## [Exercise]
Take the line that contains "Davie, FL 33314" and each line after it to the end of the data below, and set them down exactly, omitting pictures.

[Supplied data — start]

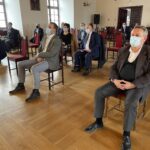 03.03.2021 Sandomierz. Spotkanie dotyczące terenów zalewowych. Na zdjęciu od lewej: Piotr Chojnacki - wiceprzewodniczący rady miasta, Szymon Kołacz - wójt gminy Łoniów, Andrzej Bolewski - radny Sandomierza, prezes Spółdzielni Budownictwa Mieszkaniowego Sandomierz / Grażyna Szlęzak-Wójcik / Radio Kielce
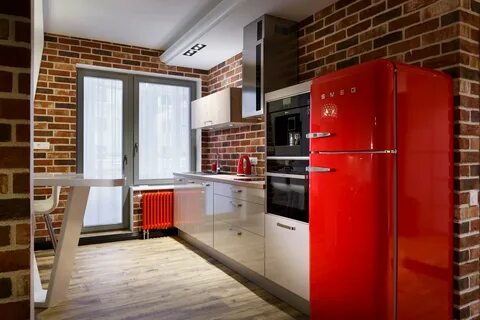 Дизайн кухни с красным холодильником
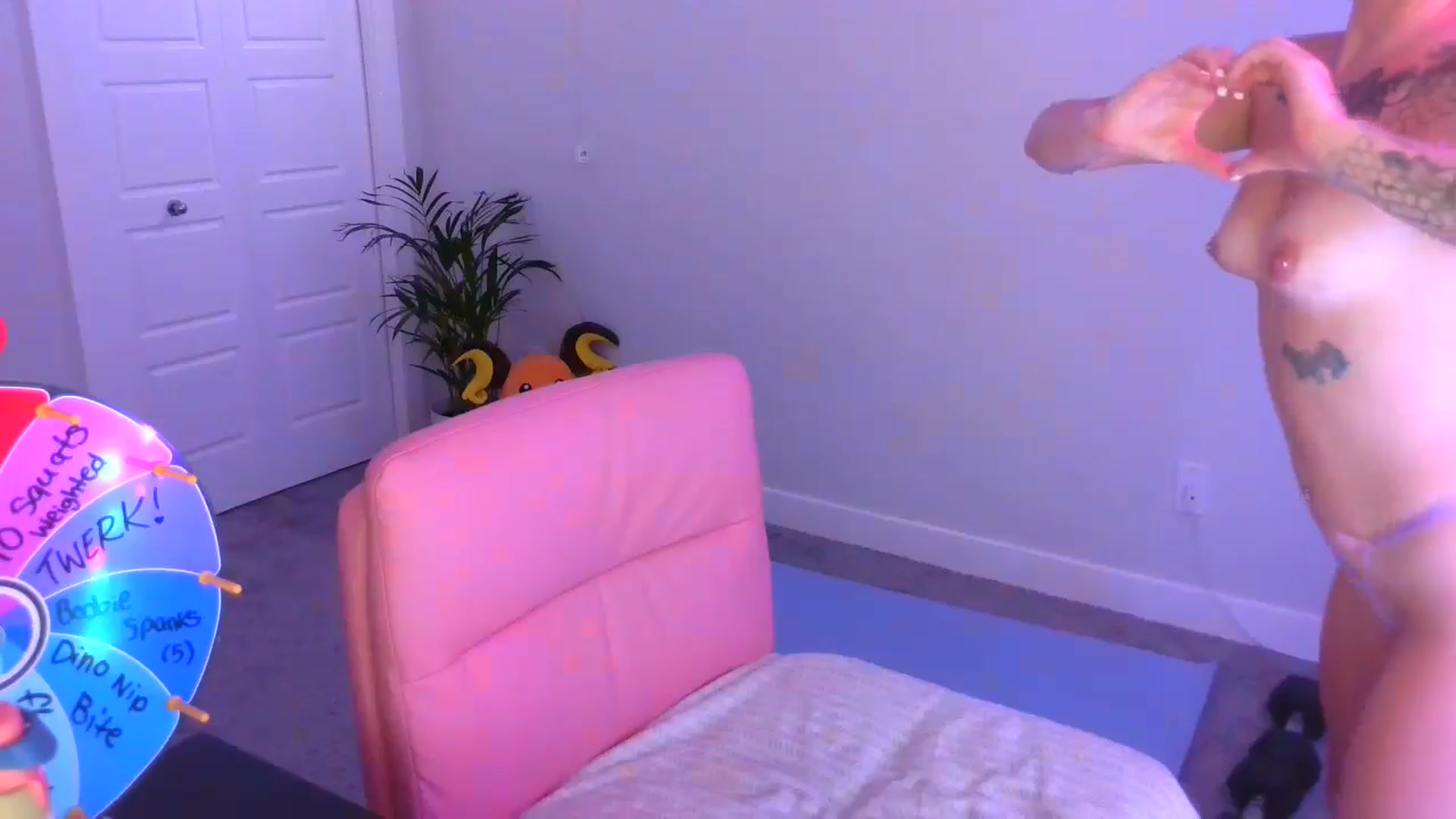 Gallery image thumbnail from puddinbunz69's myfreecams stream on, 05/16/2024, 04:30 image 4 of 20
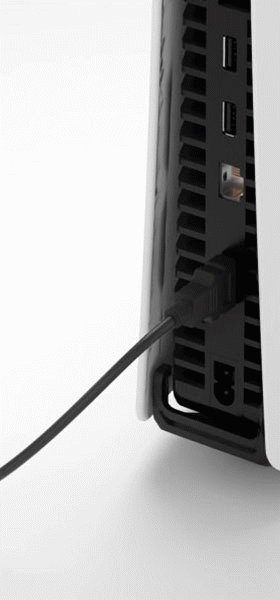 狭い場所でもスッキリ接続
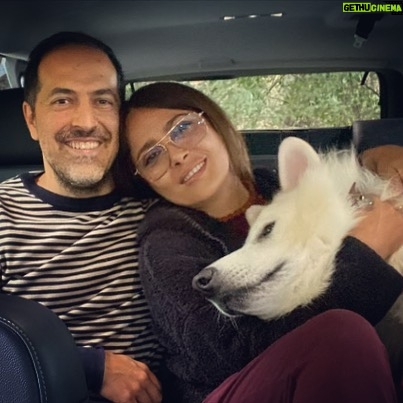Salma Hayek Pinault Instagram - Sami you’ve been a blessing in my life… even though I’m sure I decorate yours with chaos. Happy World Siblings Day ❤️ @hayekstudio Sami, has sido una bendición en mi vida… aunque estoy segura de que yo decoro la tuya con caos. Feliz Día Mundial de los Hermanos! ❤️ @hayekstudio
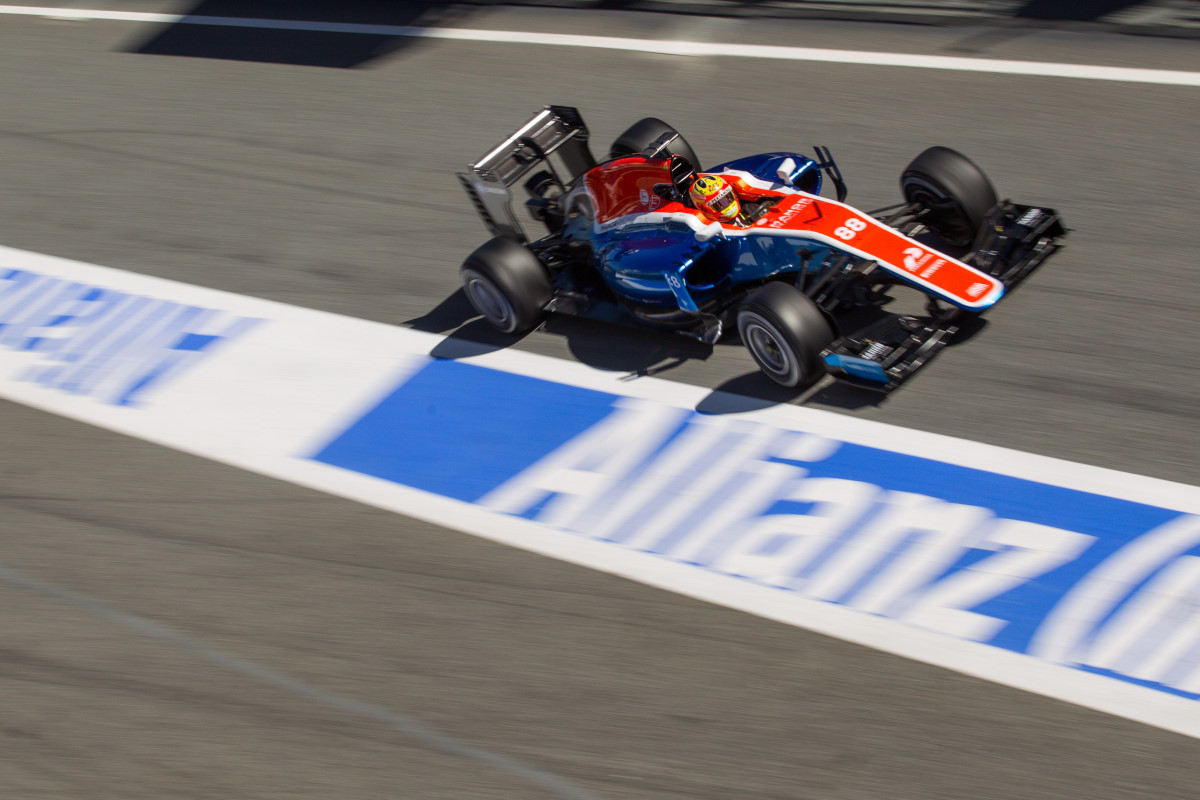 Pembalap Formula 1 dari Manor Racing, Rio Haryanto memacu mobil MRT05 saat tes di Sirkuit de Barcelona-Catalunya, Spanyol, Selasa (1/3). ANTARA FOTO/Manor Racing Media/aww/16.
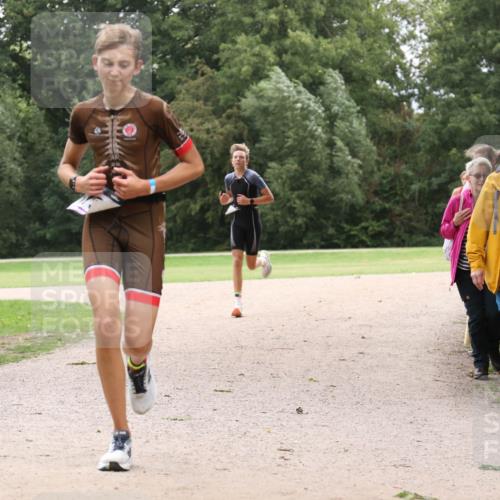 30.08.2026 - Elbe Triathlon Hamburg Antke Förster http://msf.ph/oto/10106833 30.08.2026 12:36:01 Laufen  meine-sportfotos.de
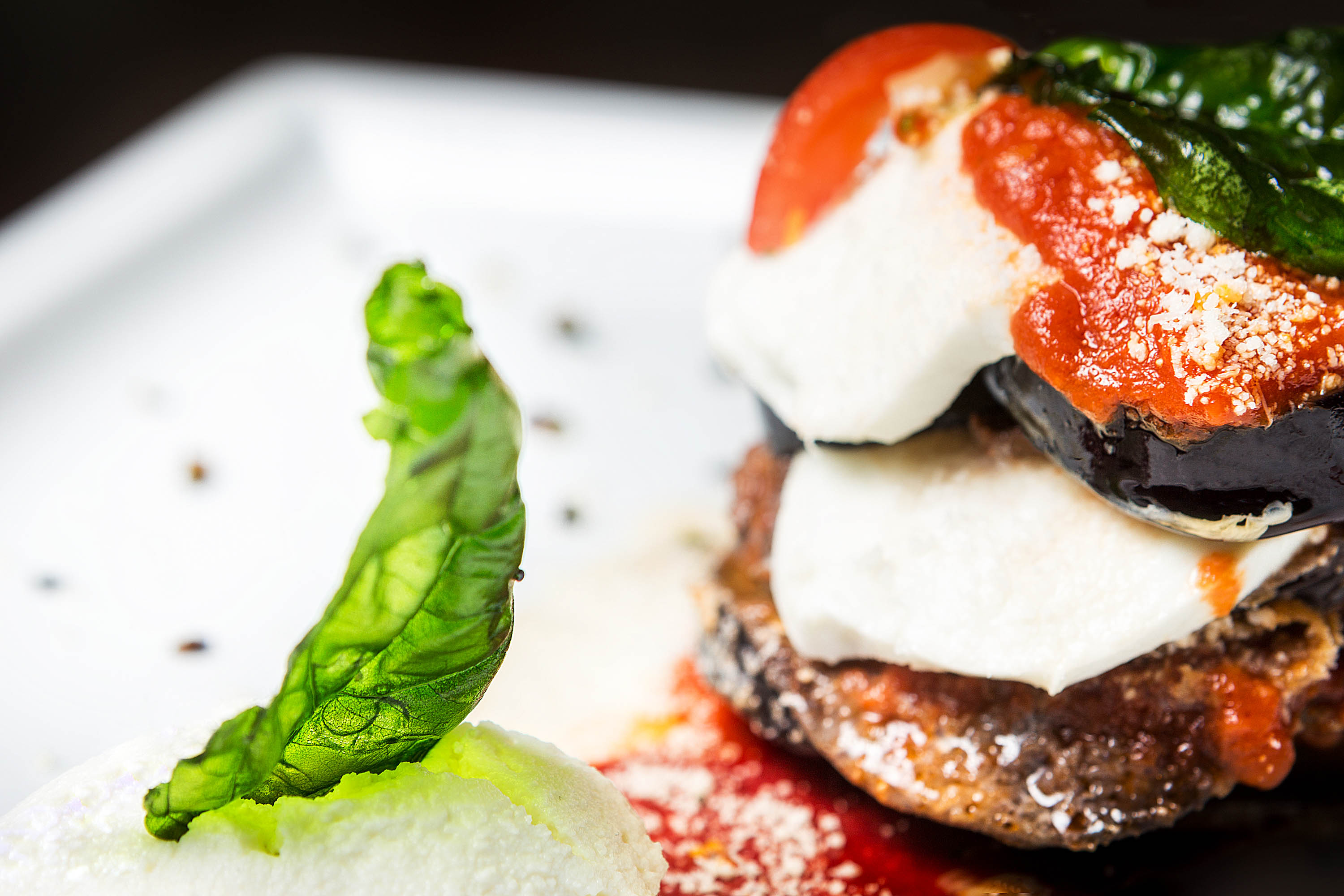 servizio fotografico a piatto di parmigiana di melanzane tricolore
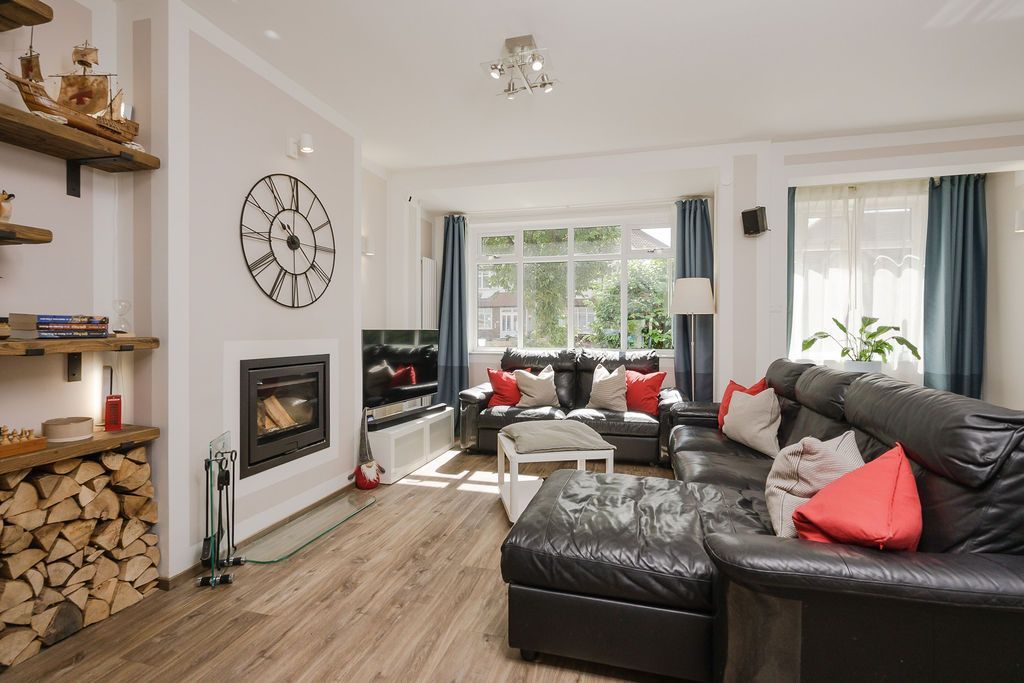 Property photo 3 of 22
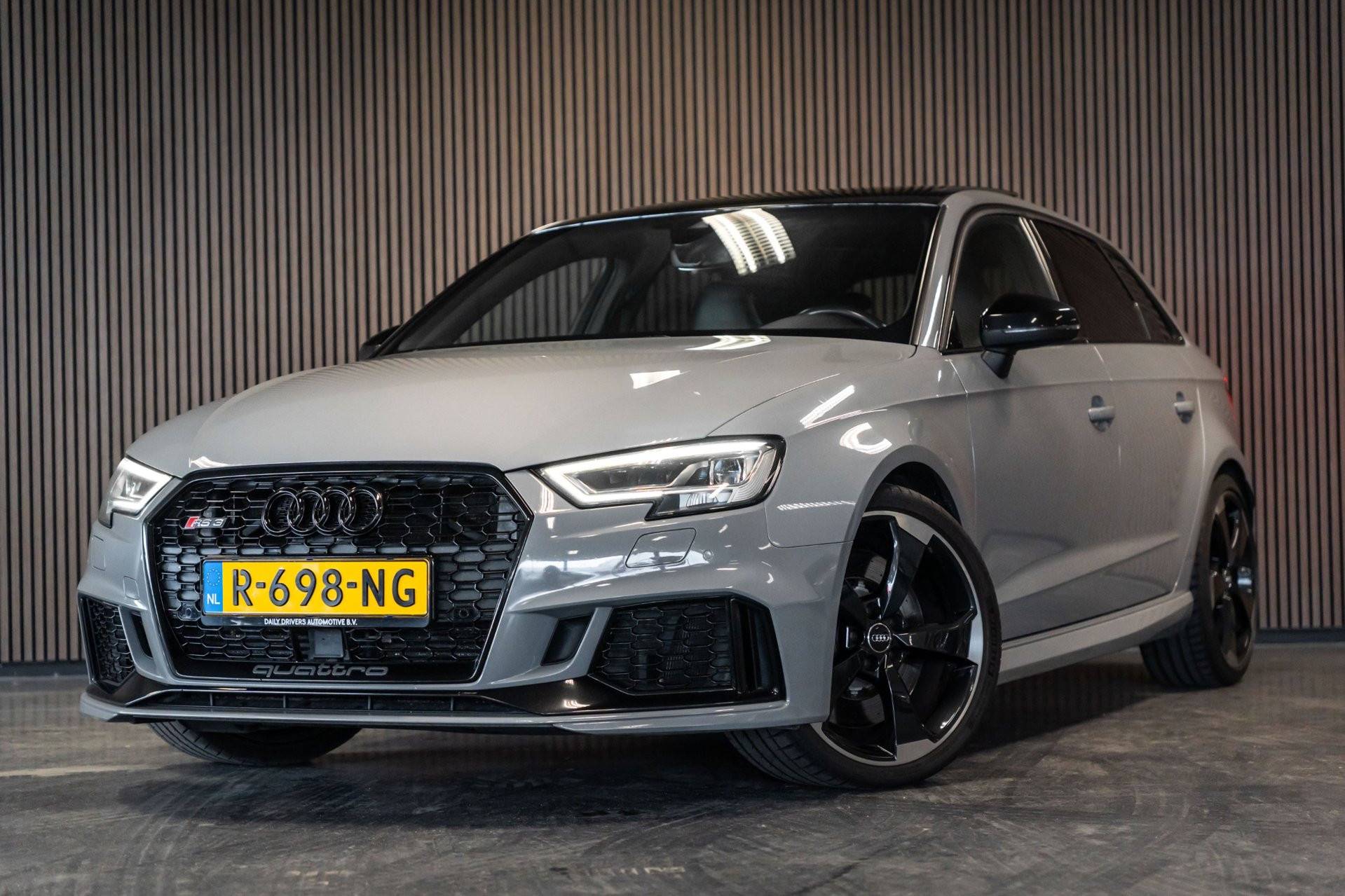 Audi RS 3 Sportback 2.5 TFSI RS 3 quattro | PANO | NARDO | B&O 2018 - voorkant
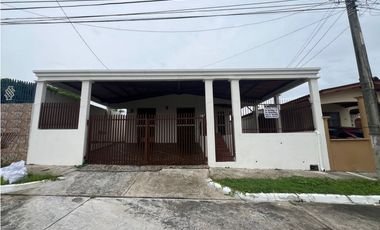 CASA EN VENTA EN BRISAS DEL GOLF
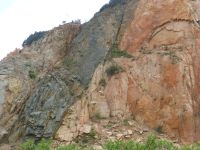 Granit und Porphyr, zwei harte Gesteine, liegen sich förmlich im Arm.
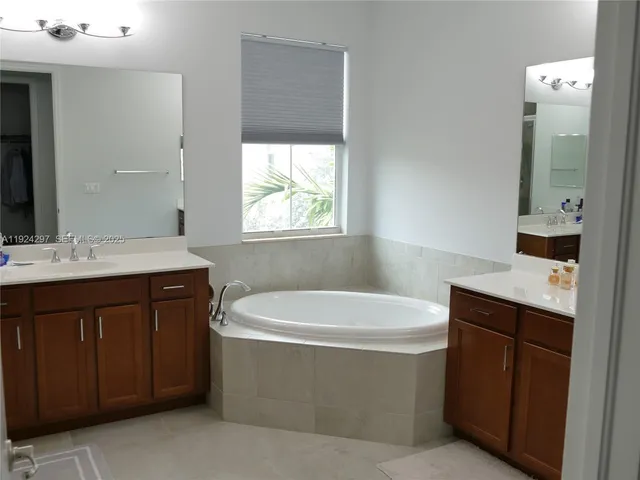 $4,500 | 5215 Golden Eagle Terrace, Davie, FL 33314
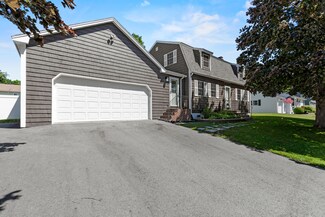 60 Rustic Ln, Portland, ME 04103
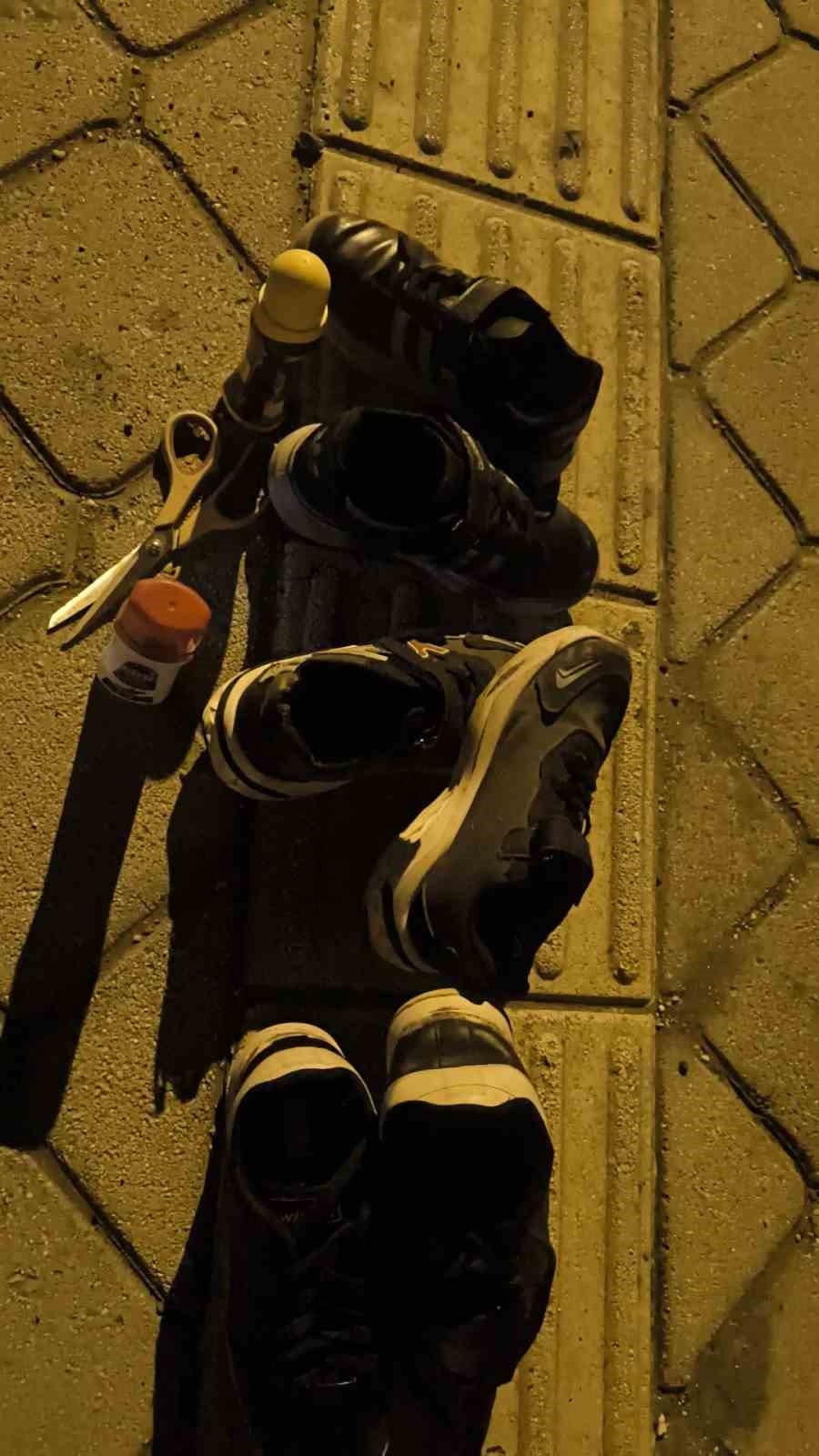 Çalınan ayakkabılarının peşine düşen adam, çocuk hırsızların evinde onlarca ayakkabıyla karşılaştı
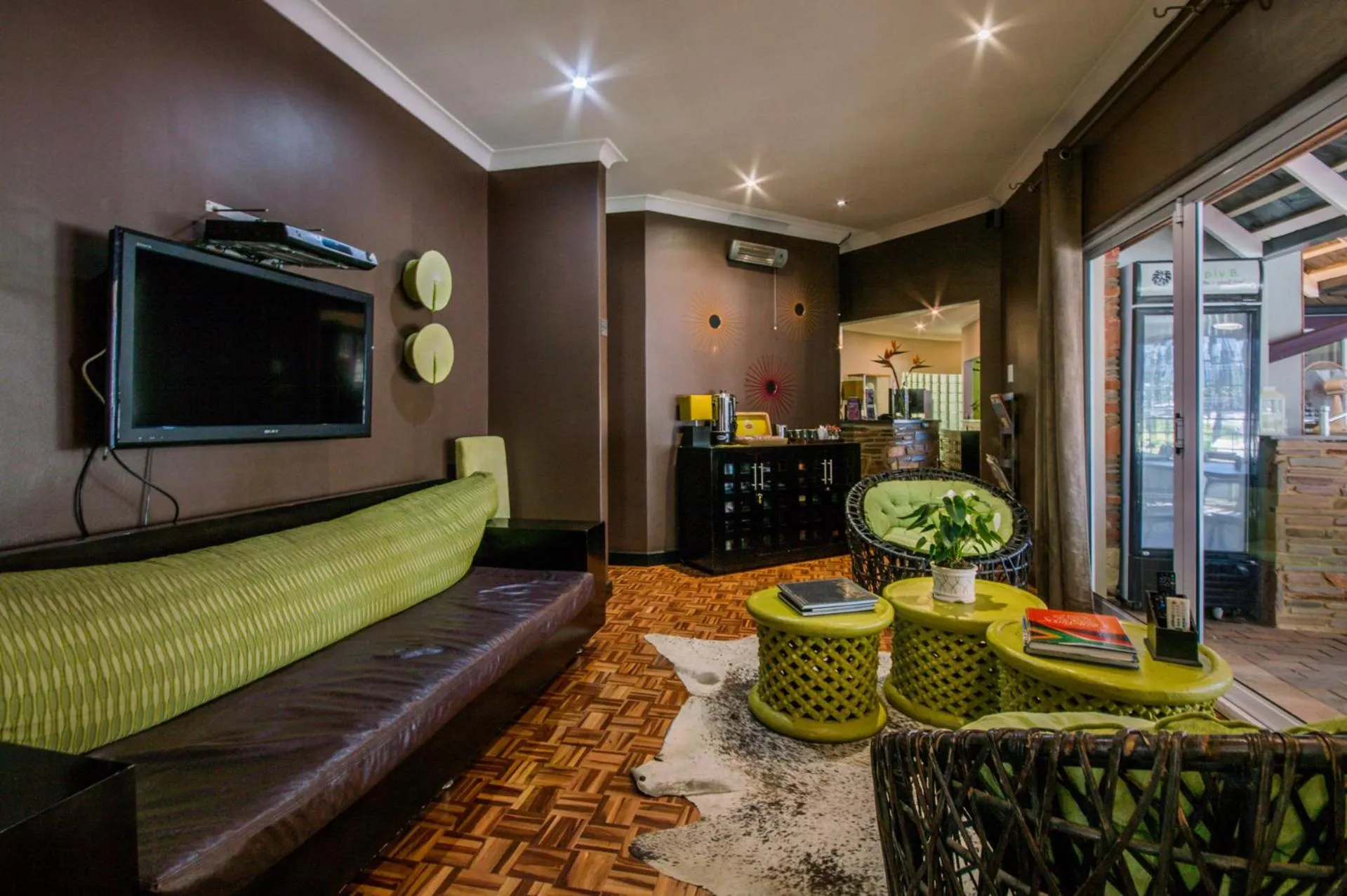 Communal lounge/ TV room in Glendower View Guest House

[Supplied data — finish]

## [Output of the task]
 $4,500 | 5215 Golden Eagle Terrace, Davie, FL 33314
 60 Rustic Ln, Portland, ME 04103
 Çalınan ayakkabılarının peşine düşen adam, çocuk hırsızların evinde onlarca ayakkabıyla karşılaştı
 Communal lounge/ TV room in Glendower View Guest House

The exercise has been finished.